After posting this thread, I wound up backing her out of force fetch for about a week. I reviewed formal obedience with a heeling stick to try to correct her bugging at heel. She learned to accept/beat the stick pressure pretty well and then I reinforced with the collar and collar conditioned to here. After about a week of that, we eased back into FF. Within three sessions, she was ready for walking fetch. At that point, I collar fetched her similar to Pete's post earlier. I would reinforce any refusals with ear pinch. After a couple of sessions of collar fetch, we moved right into walking fetch and she figured it out quickly. We did walking fetch for about a week, then started lining out several bumpers and heeling her past a couple without letting her fetch to teach her that fetch was a command. I didn't get many refusals, but I would always reinforce the first one with an ear pinch, and the next one with the collar. That only took a few sessions and she did great. We then did stick fetch. I have skipped stick fetch in the past, but I wanted to proof her since we'd had some FF issues. She did great. I also did stick to pile with her for the same reasons.

She's a little delicate with picking the bumpers up sometimes (i.e. she's not jamming her mouth into the ground and back up), but she's very snappy on the fetch (and now back) command. I look at this as an idiosyncrasy of hers and it hasn't caused me any issues yet. The same trait turns up in FTP sometimes and she's "careful" about picking up a bumper, but she doesn't shop or anything like that. She also runs hard to the pile and runs hard coming back, so I've decided to let it go.

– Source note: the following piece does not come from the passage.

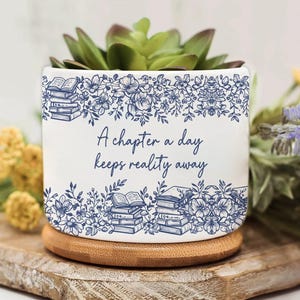 Op de afbeelding: Witte keramische plantenpot met een vetplant. De pot heeft een blauw bloemen- en boekontwerp met de tekst "A chapter a day keeps reality away". Hij staat op een ronde houten basis.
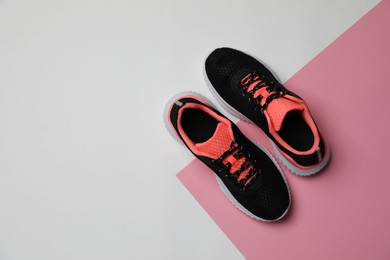 Pair of stylish sport shoes on color background, flat lay. Space for text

Some reflections on force:

1. In my experience, goldens (especially the females) are not good candidates to be pressured through problems. Teach, teach, teach, and then reinforce. They are attrition dogs. That said, once they get it, they get it.
2. Take your time, believe in your pup, and be patient. If you get frustrated, hang it up for the day and go do something else. Both of you will benefit.
3. Don't be afraid to try a new approach if something isn't working, even if that new approach is just taking some time off.
4. Try to keep sessions short. Sometimes I fall into the trap of wanting so badly to end on a high note or with a success, that I draw sessions out too long which just frustrates the dog and decreases any likelihood of success. In this case, the key is simplifying and accepting that success takes many forms.
5. Keep up marking sessions during force. It's good for pup's attitude. I had shut this down because I hadn't collar conditioned to here yet.